THREDDS Inventory Catalogs are designed to organize and describe collections of data. A dataset is a container for associated metadata and other datasets. Each dataset is either a collection dataset (i.e., contains other datasets) or an atomic dataset (i.e., has an access method).
An atomic dataset has no nested datasets,
and has an access URL with service type not Resolver or QueryCapability.
To find out more about this Dataset, one must use a non-THREDDS
protocol, which we call crossing the protocol boundary.
A collection dataset may be of the following types:
<xsd:element name="catalog" type="cat:catalogType">
<!-- Enforce dataset ID references:
1) Each dataset ID must be unique in the document.
2) Each dataset alias must reference a dataset ID in the document.
-->
<xsd:unique name="datasetID">
<xsd:selector xpath=".//cat:dataset"/>
<xsd:field xpath="@ID"/>
</xsd:unique>
<xsd:keyref name="datasetAlias" refer="cat:datasetID">
<xsd:selector xpath=".//cat:dataset"/>
<xsd:field xpath="@alias"/>
</xsd:keyref>
<!-- Enforce references to services:
1) Each service name must be unique and is required.

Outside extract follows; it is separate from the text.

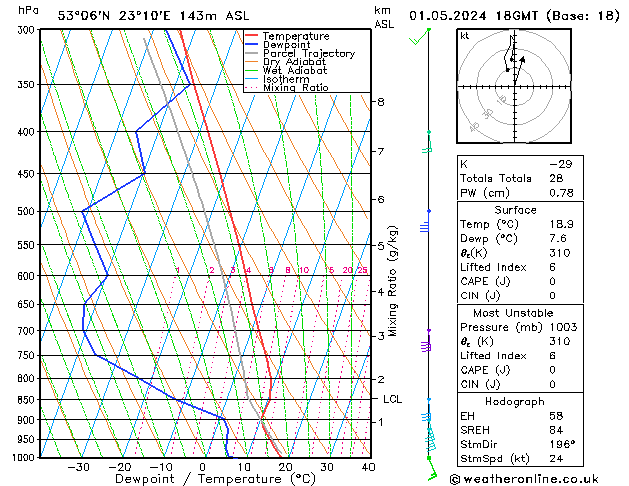 Model temps GFS śro. 01.05.2024 18 UTC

2) Each dataset that references a service (i.e., has a serviceName
attribute) must reference a service that exists.
3) Each access that references a service (i.e., has a serviceName
attribute) must reference a service that exists.
@todo Do we want unique service names. Currently, don't need to be unique.
@todo This does not enforce the current scoping of service elements.
-->
<!xsd:key name="serviceNameKey">
<xsd:selector xpath=".//cat:service" />
<xsd:field xpath="@name" />
</xsd:key>
<xsd:keyref name="datasetServiceName" refer="cat:serviceNameKey">
<xsd:selector xpath=".//cat:dataset" />
<xsd:field xpath="@serviceName" />
</xsd:keyref>
<xsd:keyref name="accessServiceName" refer="cat:serviceNameKey">
<xsd:selector xpath=".//cat:access" />
<xsd:field xpath="@serviceName" />
</xsd:keyref>
</xsd:element>
<xsd:complexType name="catalogType">
<xsd:sequence>
<xsd:element ref="cat:dataset" minOccurs="1" maxOccurs="1" />
</xsd:sequence>
<!--xsd:attribute name="name" type="xsd:string" use="required"/-->
<xsd:attribute name="version" type="xsd:token" default="0.7"/>
</xsd:complexType>
The catalog element is the
top-level element and must contain
exactly
one top-level dataset. The version
attribute allows
DTD
migration and should be set to"0.7". The name of the top-level dataset
is considered the name of the catalog and should be displayed to the
user when selecting from catalogs. Here is an example catalog with
top-level dataset:
<?xml version="1.0" encoding="UTF-8"?>
<catalog version="0.7"
xmlns ="http://www.unidata.ucar.edu/schemas/thredds/InvCatalog.0.7.xsd"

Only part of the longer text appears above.